With these changes of labels to -1 and 1, the critic loss minimisation becomes: \[ \min_{D} -(E_{x \sim p_X}[D(x)] - E_{z \sim p_Z}[D(G(z)] ) \]

i.e. it aims to maximise the difference in predictions between real and generated images.

The generator is still trying to trick the critic as in a regular GAN, so it wants the critic to score its generated images as highly as possible. To this end, it still compares to the desired critic response of \(y_i=1\) corresponding to the critic believing the generated image is real. So the generator loss minimisation remains similar, just without the log: \[ \min_{G} -(E_{z \sim p_Z}[D(G(z)] ) \]

5.2. Lipschitz Constraint

Allowing the critic to use the range \((-\infty, \infty)\) initially seems a bit counterintuitive - usually we want to avoid large numbers in neural networks otherwise gradients explode!

There is an additional constraint placed on the critic requiring it to be a 1-Lipschitz continuous function. This means that for any two input images, \(x_1\) and \(x_2\), it satisfied the following inequality: \[ \frac{| D(x_1) - D(x_2) |}{| x_1 - x_2 |} \le 1 \]

Recall that the critic is a function \(D\) which converts an image into a scalar prediction. The numerator is the change in predictions, and the denominator is the average pixelwise difference. So this is essentially a limit on how sharply the critic predictions are allowed to change for a given image perturbation.

An in-depth exploration of why the Wasserstein loss requires this constraint is given here.

Enforcing the Lipschitz Constraint

One crude way of enforcing the constraint suggested by the original authors (and described as “a terrible way to enforce a Lipschitz constraint) is to clip the weights to \([-0.01, 0.01]\) after each training batch. However, this diminishes the critic’s ability to learn.

An improved approach is to introduce a gradient penalty term to penalise the gradient norm when it deviates from 1.

5.3. Gradient Penalty Loss

The gradient penalty (GP) loss term encourages gradients towards 1 to conform to the 1-Lipschitz continuous constraint.

The GP loss measures the squared difference between the norm of the gradient of predictions w.r.t. input images and 1, i.e. \[ loss_{GP} = (||\frac{\delta predictions}{\delta input}|| - 1)^2 \]
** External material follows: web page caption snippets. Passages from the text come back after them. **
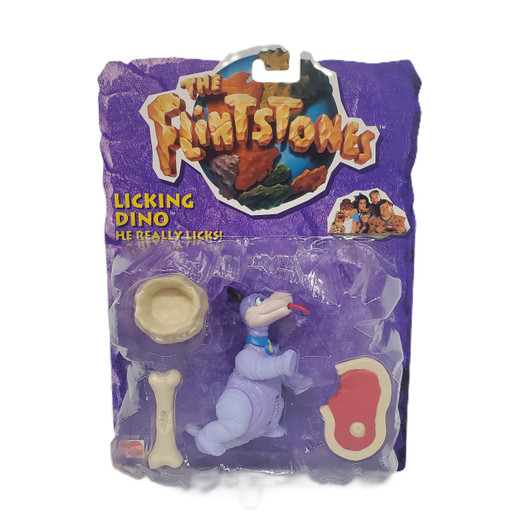 Mattel (1993) The Flintstones Movie Licking Dino Action Figure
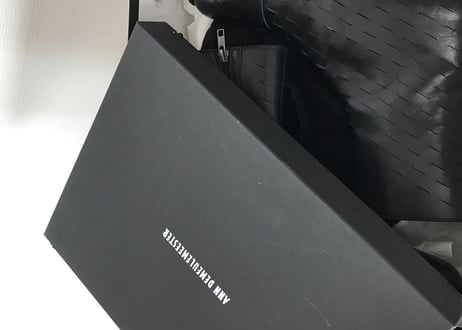 2019ss ann demeulemeester leather boots 41 dead stock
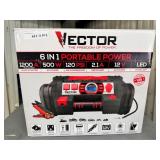 Vector 6 in 1 portable power, 1200 amp peak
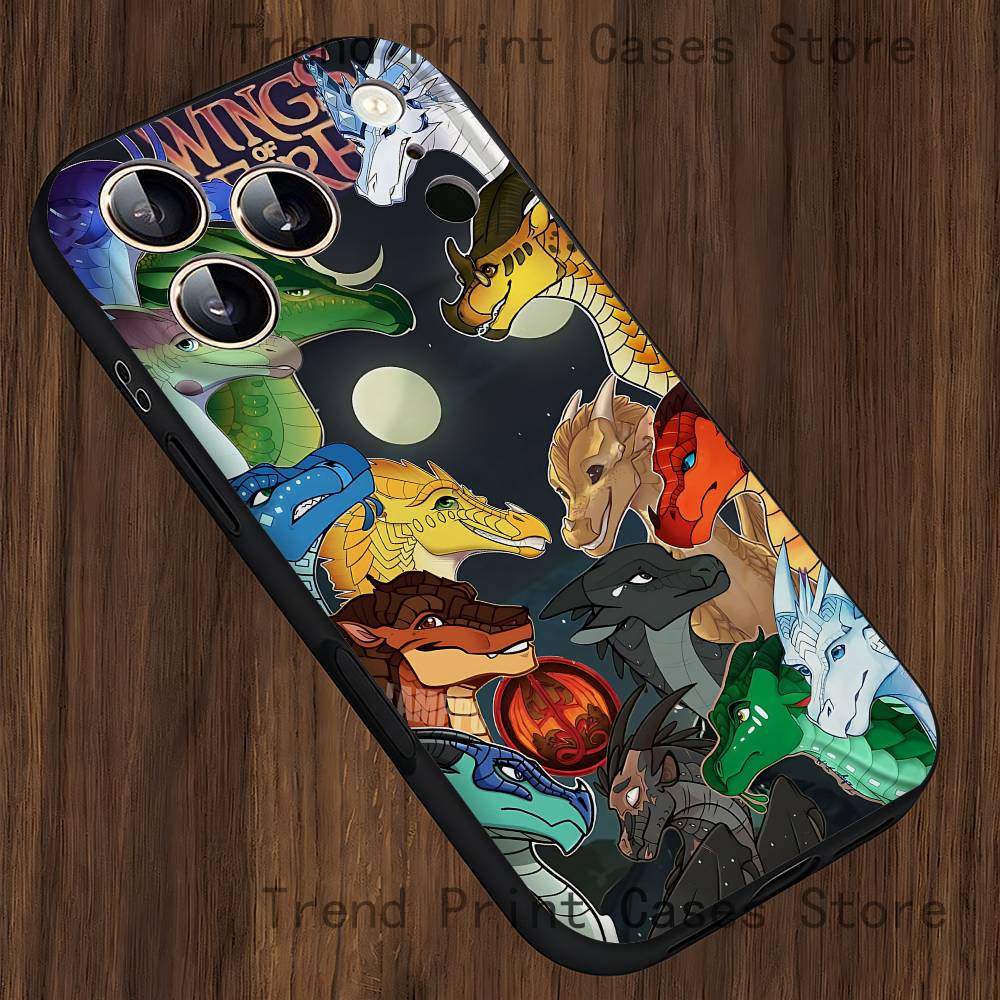 

W-Wings of F-Fire Dragon Phone Case For iPhone 14,16,12,13,15,11,17,Pro,Max,Plus,E,Air,Mini Soft Cover iPhone15pro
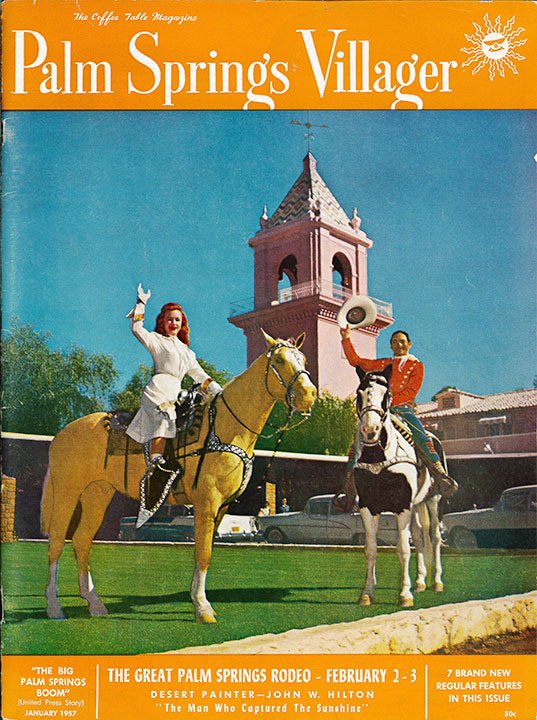 Palm Springs Life Cover Print - 1957 January - Destination PSP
Calculating this everywhere during the training process would be computationally intensive. Instead we evaluate it at a sample of points. To encourage a balanced mix, we use an interpolated image which is a pairwise weighted average of a real image and a generated image.

The combined loss function is then a weighted sum of the Wasserstein loss and the GP loss: \[ loss = loss_{Wasserstein} + \lambda_{GP} * loss_{GP} \]

5.4. Training the WGAN-GP

When training WGANs, we train the critic to convergence and then the train the generator. This ensures the gradients used for the generator update are accurate.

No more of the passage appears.